• _PROVIDED ENTRIES_:
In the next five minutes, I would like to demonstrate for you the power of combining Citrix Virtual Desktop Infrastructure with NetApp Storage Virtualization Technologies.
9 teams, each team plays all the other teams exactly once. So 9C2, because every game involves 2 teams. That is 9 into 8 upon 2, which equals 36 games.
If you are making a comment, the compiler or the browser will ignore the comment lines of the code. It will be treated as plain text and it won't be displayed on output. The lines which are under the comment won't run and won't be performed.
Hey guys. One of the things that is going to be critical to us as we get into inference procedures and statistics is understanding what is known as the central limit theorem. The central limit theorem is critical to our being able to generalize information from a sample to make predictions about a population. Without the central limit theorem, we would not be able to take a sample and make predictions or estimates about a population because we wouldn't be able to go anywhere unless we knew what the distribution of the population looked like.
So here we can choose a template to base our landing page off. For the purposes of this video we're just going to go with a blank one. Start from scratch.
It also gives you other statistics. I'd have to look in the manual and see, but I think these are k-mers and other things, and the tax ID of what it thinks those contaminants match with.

==

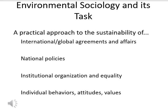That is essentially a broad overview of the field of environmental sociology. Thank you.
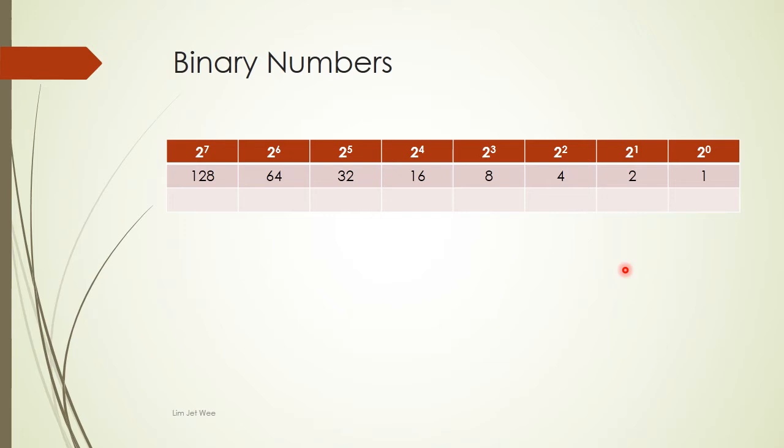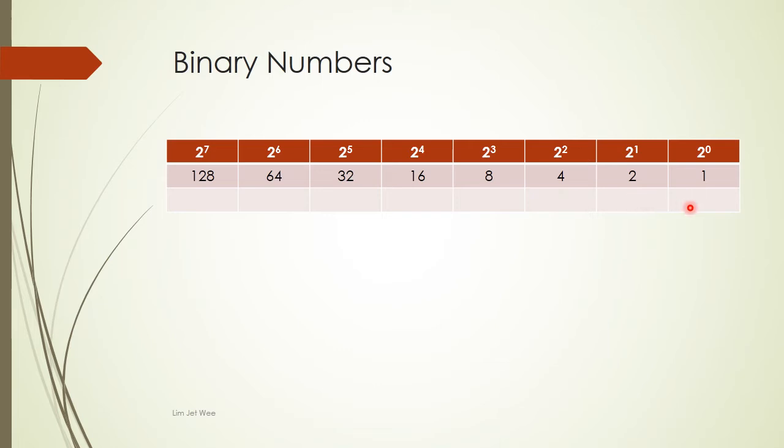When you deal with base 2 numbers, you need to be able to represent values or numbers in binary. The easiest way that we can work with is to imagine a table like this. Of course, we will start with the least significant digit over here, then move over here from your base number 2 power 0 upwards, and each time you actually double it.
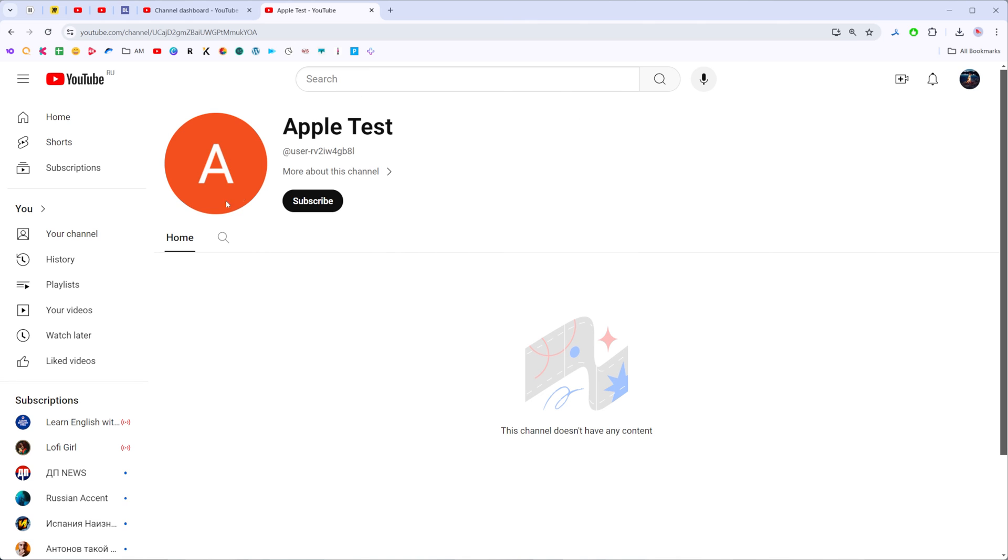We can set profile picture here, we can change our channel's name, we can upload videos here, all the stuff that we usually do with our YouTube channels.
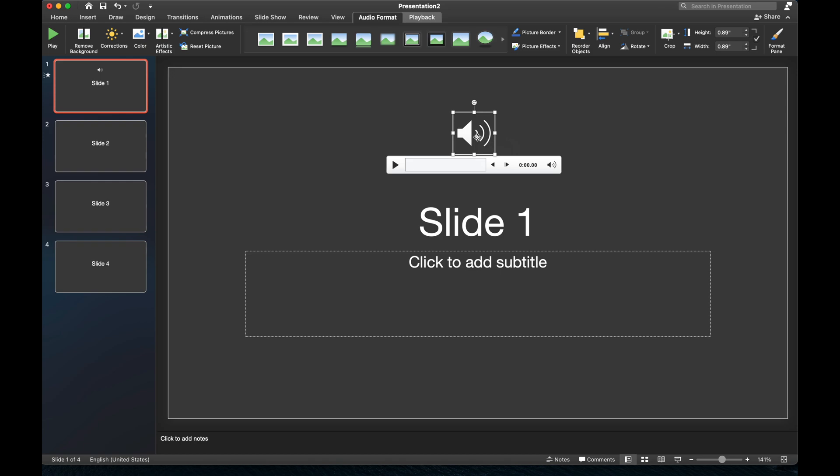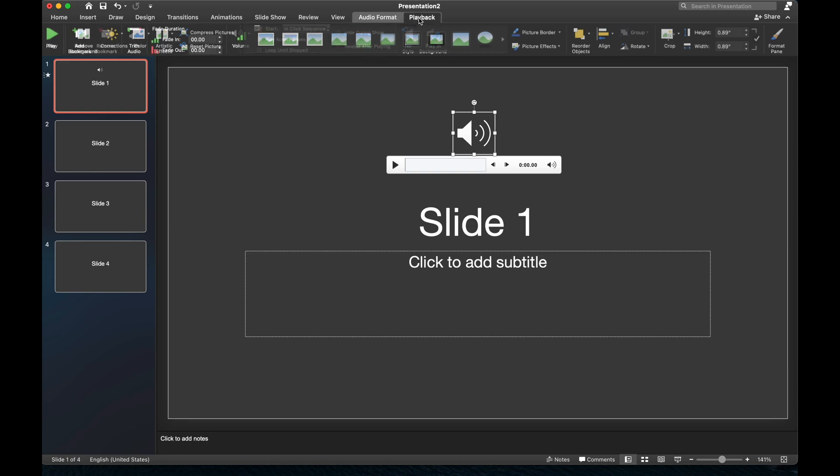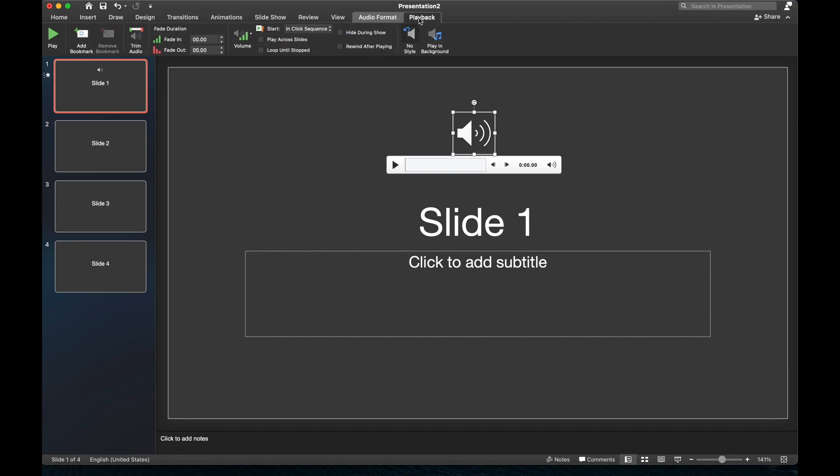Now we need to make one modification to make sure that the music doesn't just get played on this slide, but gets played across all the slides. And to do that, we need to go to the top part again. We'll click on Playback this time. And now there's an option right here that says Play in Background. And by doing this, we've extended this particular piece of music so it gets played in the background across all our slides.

• _TASK STATEMENT_:
Give again, exactly as written above, each line from the one that has "That is essentially" to the one that has "When you deal", both included; omit the pictures.

• _TASK SOLUTION_:
That is essentially a broad overview of the field of environmental sociology. Thank you.
When you deal with base 2 numbers, you need to be able to represent values or numbers in binary. The easiest way that we can work with is to imagine a table like this. Of course, we will start with the least significant digit over here, then move over here from your base number 2 power 0 upwards, and each time you actually double it.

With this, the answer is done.